EATING OUT: Prices are vexing everyone, writes Tom Doorley.
Two subjects have been dominating e-mails from readers in the past few weeks: the excessive cost of eating out in Ireland and why, oh why, didn't I taste the tripe and drisheen that George Hook so kindly cooked on the recent episode of The Restaurant? Well, I've tasted tripe and onions on three occasions now and it has tasted and, more importantly, smelled worse every time. I inhaled the odour of George's version deeply, prodded it with a fork, and decided that I'd rather sample a dish of blanched slugs simmered in milk with a bay leaf. And I most certainly did taste the drisheen, only to find it marginally less horrible than last time.
As to the cost of eating out, I too am bamboozled. Eagle-eyed readers will have noted that, to date, one of the very best meals and the absolutely worst meal reviewed here were separated by a mere €20; and these two were consumed in Dublin where rents are exorbitant. What leaves me speechless is the cost of eating out in provincial towns; generally, you don't get a discount to reflect the fact that the proprietor is not forking out €300,000 a year in rent. You may as well be eating in Temple Bar.
A quick trip to the delightful town of Westport was made with the express purpose of sampling the grub at The Lemon Peel, a place that has been regularly recommended to me. It was not an unalloyed pleasure and it was far from cheap. Indeed the damage was very steep for a place where the menu and wine list come as a single, laminated, wipe-clean sheet.

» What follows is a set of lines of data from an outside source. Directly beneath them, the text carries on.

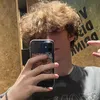 erinkonfilm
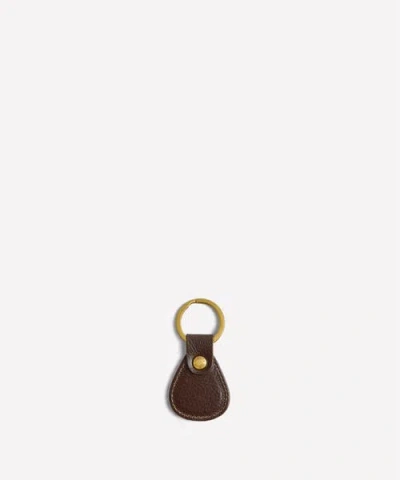 Ghurka Classic Key Fob No. 226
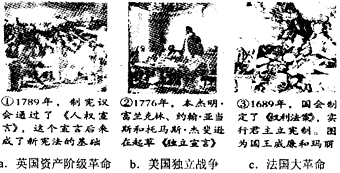 九曲十八转二五打一正确生肖，热议作答落实解释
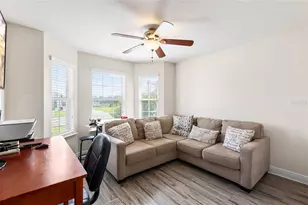 8421 Beachwood Ct, Spring Hill, FL 34606 - Photo 24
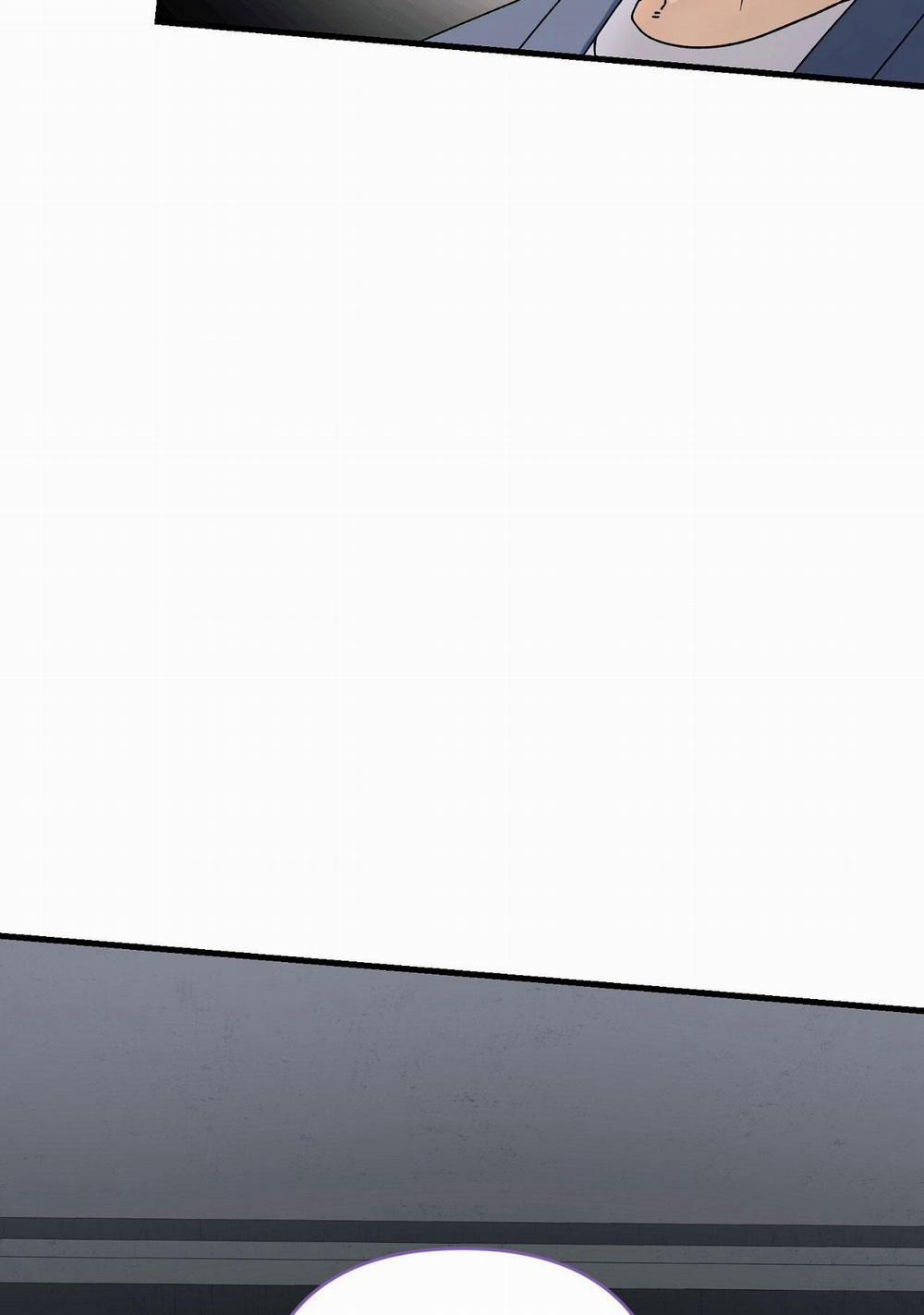 Điều Kiện Của Guide 43 trang 7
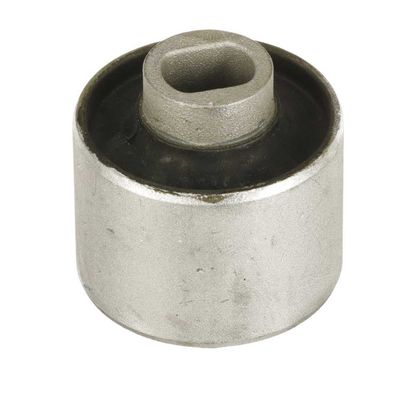 LAGERUNG LENKER GATES AWS2053 38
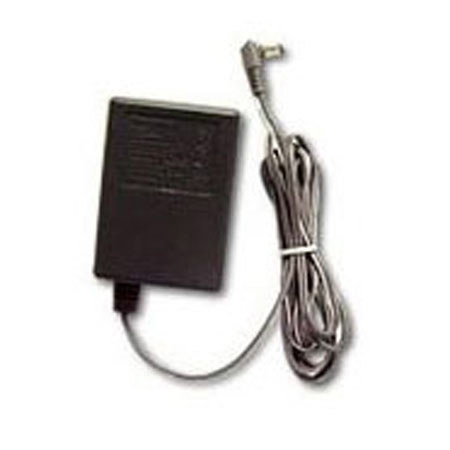Panasonic KX-A239 AC Adapter for NT300/UT100 Series Phones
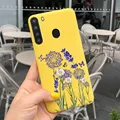 Yeloow 2021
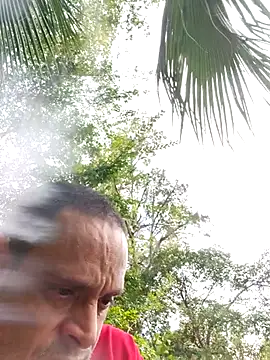 Buffshagswell online show from November 2, 2025, 3:39 pm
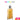 24K Gold Shot Ampoule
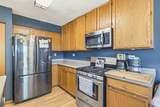2814 Impressions Drive - Photo 11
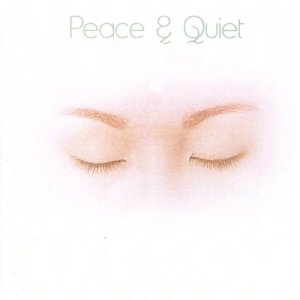 ดาวน์โหลดและฟังเพลง Oasis พร้อมเนื้อเพลงจาก Jeff Clarkson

The very phrase "Mediterannean spring roll" should have been enough to warn me, but I thought, what the hell, perhaps the kitchen has taken the confusion out of fusion? What appeared on the plate was truly bizarre: a splendidly crisp and ungreasy spring roll, cut in half and filled with - steady now - thick batons of cucumber, chunks of "fetta" cheese and some semi-sundried tomatoes. This was dished up with a mint and yoghurt "dip" which was spread around the plate, some sweet chilli sauce and some kind of pink concoction based on peppers. Oh yes, and salad. Did it work? Of course not, but it did have a certain grim fascination.
There was no fascination whatsoever in the main course of "brill stuffed with crab" beyond the mystery of why anyone would create such a dish ... Yes, it was brill: thoroughly overcooked brill which had been imperfectly boned and wrapped around the stuffing which was not of crab but of crab mixed with mashed potato. Lashings of mashed potato. The whole affair was served with a sauce that lay somewhere between beurre blanc and mayonnaise.
"Vegatables" involved everything under the sun, stir-fried (some of them rather charred) in a sharp, spicy sauce. As a piquant vegetarian takeaway it would have been adequate. Here it smothered what flavour had survived in the fish.
I generally hate crème brûlée that has been cheffed up, but here the addition of white chocolate and raspberries produced a dessert of near celestial quality. And I salute the coffee - an intense little espresso with a proper tiger-skin crema on top.
The Lemon Peel was heaving with people on the Thursday evening I visited. Generally, it is advisable to book. The room is long and relatively narrow, the style of decor is simple and unfussy, and the absence of tablecloths suggests a down-to-earth bistro or café.
Would that it were. There was nothing down to earth about what I ate - bar the brûlée perhaps - and the bill would not have been out of place in Dublin 4. Had I confined myself to a couple of glasses of house wine, the damage would have been more than €50 for one. As it happens, along with a doggy-bottle of wine it came to a staggering €73.60. Silly food and cheeky prices - there's a lot of it about.
The Lemon Peel, The Octagon, Westport, Co Mayo, 098-26929, www.lemonpeel.ie.
WINE CHOICE: A curiously random selection with more white than red and some strange misprints. "Cotes du Roussicion"? And a "snipe" of Piper-Heidsieck Champagne is hardly a bargain at €16.95. Nor is a bottle of "Prommery" at €75. My Bonny Doon Ca' del Solo was simply not worth €32.95; this is, after all, a simple, crisp white from California. Georges Duboeuf Cuvée house wines are €16.95 but are pretty dull. David Wynn Shiraz and Chardonnay at €26.95 are decent wines, fairly priced by prevailing standards, as is Georges Duboeuf Brouilly at €26.95. I should have had the offbeat Bourgogne Aligote Domaine des Ramparts at €21.95.